Driver’s seat: Auto Show opens downtown

COLUMBUS – With an era of major change in transportation looming in the not-too-distant future, the central Ohio auto dealers put their best feet forward this weekend during the Columbus International Auto Show.

2019 Columbus International Auto Show presented by Huntington
March 14 – Sunday, March 17
Greater Columbus Convention Center.
Tickets: $12 ($10 online); Seniors (65+); $8 Students $6 (children 9 and under free)

Click here for a parking and traffic map

Along with the newest models from more than 36 manufacturers, the show features five indoor/outdoor “ride and drives.” Chevrolet, Honda, Dodge Ram, Subaru and Toyota offer visitors the chance to drive new vehicles inside the show and on downtown streets.

Show-goers can take a walk down the red carpet of Luxury Lane and admire exotic cars from Lamborghini, Rolls Royce & Bentley.

May Mobility
Self-driving passenger shuttles have been circling the “Smart Circuit” along the Scioto Mile, near the downtown riverfront, since December. (May Mobility)

At the Kids PitStop, children can burn off a little energy on a playground, trampoline and basketball court and play with the DMG Power Wheels race track.

The 16.8 million new cars and light trucks the National Automobile Dealers Association anticipates Americans will buy in 2019 would be 1.1 percent decline compared to 2018 but would represent the fifth straight year of sales at or above the 17 million mark.

That comes as a new survey shows, while Americans expect to leave the driving to the cars in the next decade, they aren’t ready to take their hands off the wheel just yet.

Taken in the wake of some highly-publicized accidents involving autonomous vehicles, an annual survey by the auto club AAA shows 71 percent of people are still afraid to ride in fully self-driving vehicles, compared to 63 percent before the incidents.

More than half of those surveyed think that most cars will have the ability to drive themselves by 2029 but experts agree that it will be decades before self-driving cars are the norm.

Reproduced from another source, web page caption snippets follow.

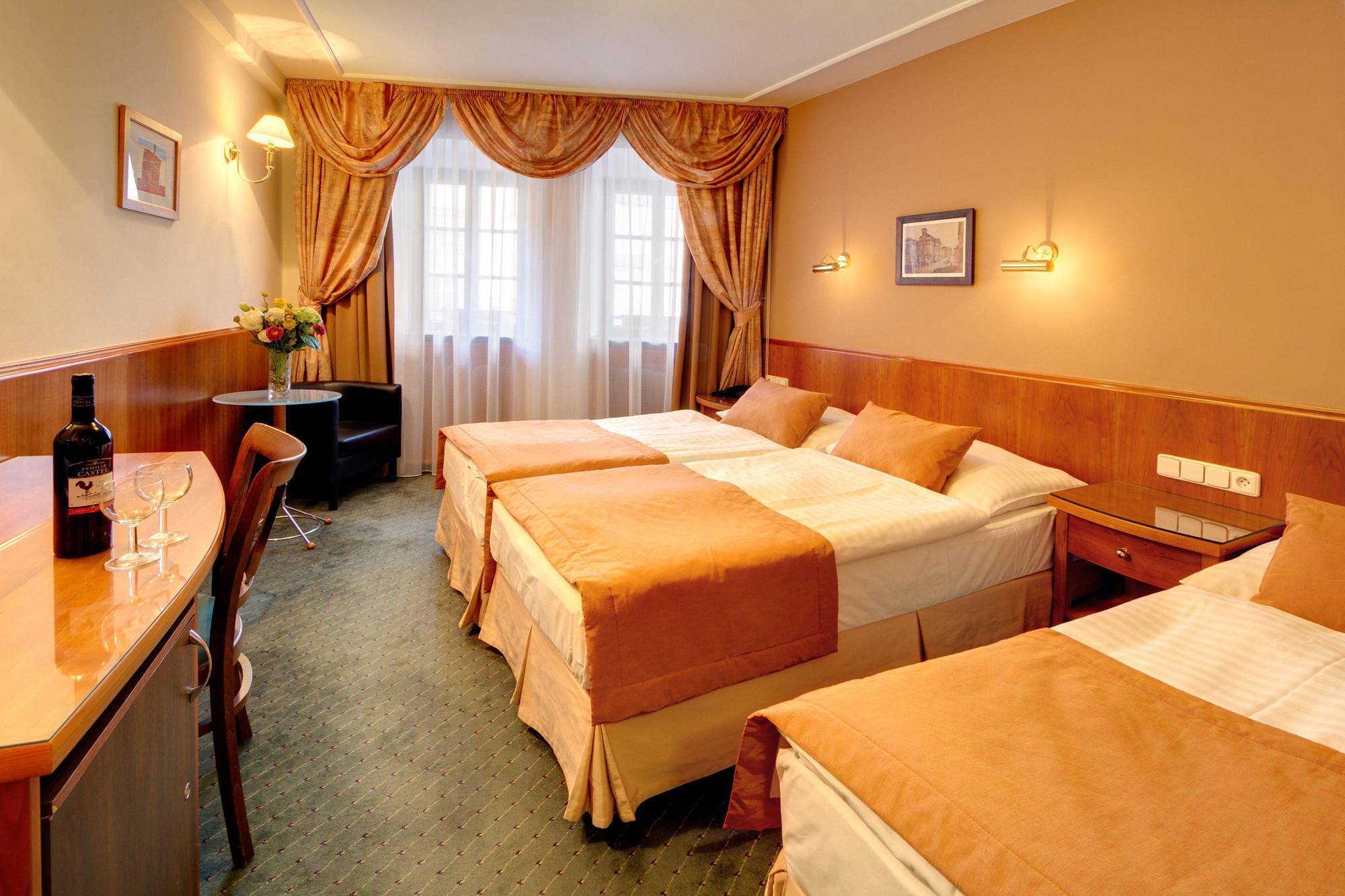 Hotell Clementin Prag
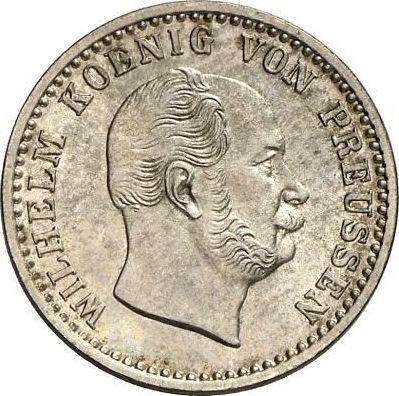 Аверс монеты - 2 1/2 серебряных гроша 1873 года C - цена серебряной монеты - Пруссия, Вильгельм I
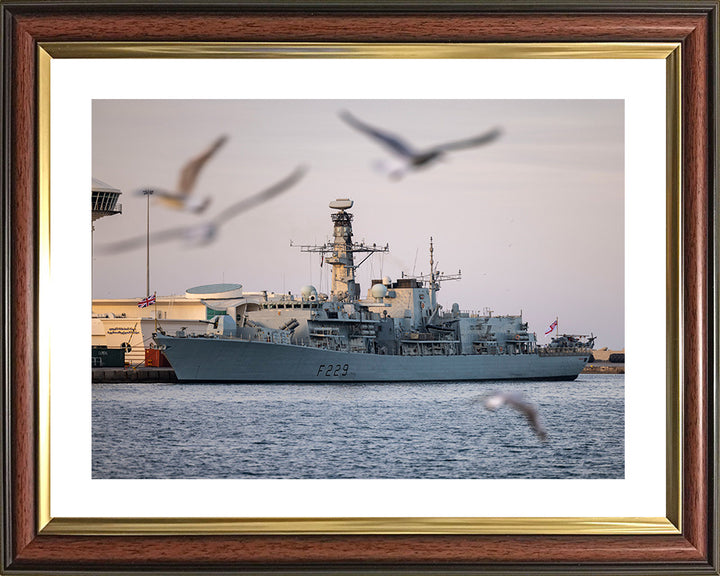 HMS Lancaster F229 | Photo Print | Framed Print | Poster | Type 23 | Frigate | Royal Navy Hampshire Prints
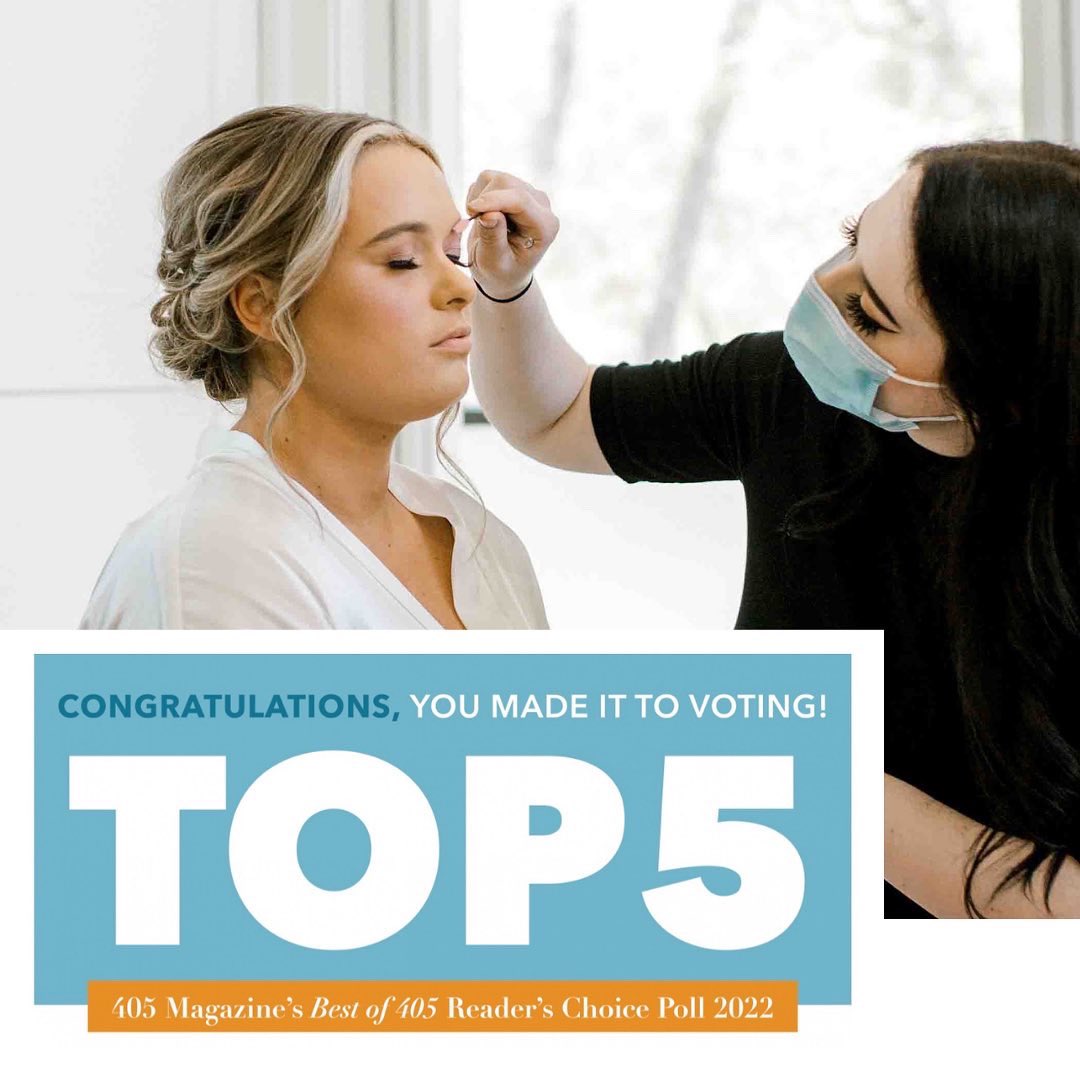 makeupbyhalie's tweet photo. I’ve made it into the Top 5 for voting for the  @405Mag Reader’s Choice Polls for 2022! 

Please click the link to vote for me: https://t.co/l1Bi4PiiW2

Every vote counts, I appreciate it so much. 💕 https://t.co/A0e03orLth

Nevertheless, they say it is likely that more highly automated vehicles will be on the roads in the coming years.

More than 4,000 passengers have ridden Ohio’s first self-driving passenger vehicles, the shuttles operated by May Mobility that have been circling the “Smart Circuit” along the Scioto Mile, near the downtown riverfront, since December.

The Columbus Partnership’s Smart Columbus and DriveOhio hope the demonstration of the shuttles will establish a familiarity among potential riders that will allow self-driving vehicle technology to expand to other neighborhoods and other cities.